## THE TASK
Find the word "Road" in the material below and gather every line that contains it.

## DATA UNDER STUDY
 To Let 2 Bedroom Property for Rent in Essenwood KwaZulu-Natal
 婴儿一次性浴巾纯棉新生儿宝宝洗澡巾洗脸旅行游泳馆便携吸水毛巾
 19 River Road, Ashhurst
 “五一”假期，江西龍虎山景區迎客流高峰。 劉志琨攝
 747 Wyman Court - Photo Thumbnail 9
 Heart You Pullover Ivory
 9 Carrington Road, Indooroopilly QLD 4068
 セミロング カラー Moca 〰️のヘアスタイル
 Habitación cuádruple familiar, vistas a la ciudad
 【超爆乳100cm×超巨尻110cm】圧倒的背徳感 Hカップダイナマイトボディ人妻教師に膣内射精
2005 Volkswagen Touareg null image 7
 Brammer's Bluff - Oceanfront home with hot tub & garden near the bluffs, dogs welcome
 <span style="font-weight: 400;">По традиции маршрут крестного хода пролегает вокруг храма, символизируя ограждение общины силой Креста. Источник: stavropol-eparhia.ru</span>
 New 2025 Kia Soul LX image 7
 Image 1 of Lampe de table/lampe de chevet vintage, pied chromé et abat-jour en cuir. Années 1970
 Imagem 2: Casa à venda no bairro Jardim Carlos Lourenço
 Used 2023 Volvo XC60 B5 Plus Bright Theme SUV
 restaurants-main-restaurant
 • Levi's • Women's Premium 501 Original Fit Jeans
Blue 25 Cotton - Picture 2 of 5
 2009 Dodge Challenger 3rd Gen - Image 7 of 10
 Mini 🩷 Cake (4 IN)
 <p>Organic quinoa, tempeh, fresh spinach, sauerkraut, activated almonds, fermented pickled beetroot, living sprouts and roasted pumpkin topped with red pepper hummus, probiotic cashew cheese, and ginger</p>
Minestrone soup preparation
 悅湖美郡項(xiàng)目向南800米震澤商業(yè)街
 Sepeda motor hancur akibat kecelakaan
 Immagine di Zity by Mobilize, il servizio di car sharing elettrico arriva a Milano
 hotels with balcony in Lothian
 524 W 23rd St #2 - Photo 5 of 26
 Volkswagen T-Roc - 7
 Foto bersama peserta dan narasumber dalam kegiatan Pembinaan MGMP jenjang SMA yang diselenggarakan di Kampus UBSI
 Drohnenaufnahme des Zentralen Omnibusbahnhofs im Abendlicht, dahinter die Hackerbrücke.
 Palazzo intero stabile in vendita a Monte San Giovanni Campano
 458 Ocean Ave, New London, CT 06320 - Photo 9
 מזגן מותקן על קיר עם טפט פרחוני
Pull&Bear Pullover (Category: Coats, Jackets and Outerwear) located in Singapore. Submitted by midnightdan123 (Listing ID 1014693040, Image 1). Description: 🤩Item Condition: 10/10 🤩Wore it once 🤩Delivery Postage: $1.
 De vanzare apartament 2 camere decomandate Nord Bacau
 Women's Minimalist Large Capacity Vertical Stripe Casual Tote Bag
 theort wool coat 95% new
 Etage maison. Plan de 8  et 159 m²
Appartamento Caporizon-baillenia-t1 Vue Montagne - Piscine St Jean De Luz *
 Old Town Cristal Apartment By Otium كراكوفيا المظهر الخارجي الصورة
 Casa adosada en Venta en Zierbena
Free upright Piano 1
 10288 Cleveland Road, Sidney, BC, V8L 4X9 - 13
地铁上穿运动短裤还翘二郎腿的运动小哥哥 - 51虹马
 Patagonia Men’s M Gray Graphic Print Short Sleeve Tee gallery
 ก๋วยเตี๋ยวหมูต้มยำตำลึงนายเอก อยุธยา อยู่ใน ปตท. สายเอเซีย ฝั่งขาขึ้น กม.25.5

## RESPONSE TO THE EXERCISE
 19 River Road, Ashhurst
 9 Carrington Road, Indooroopilly QLD 4068
 10288 Cleveland Road, Sidney, BC, V8L 4X9 - 13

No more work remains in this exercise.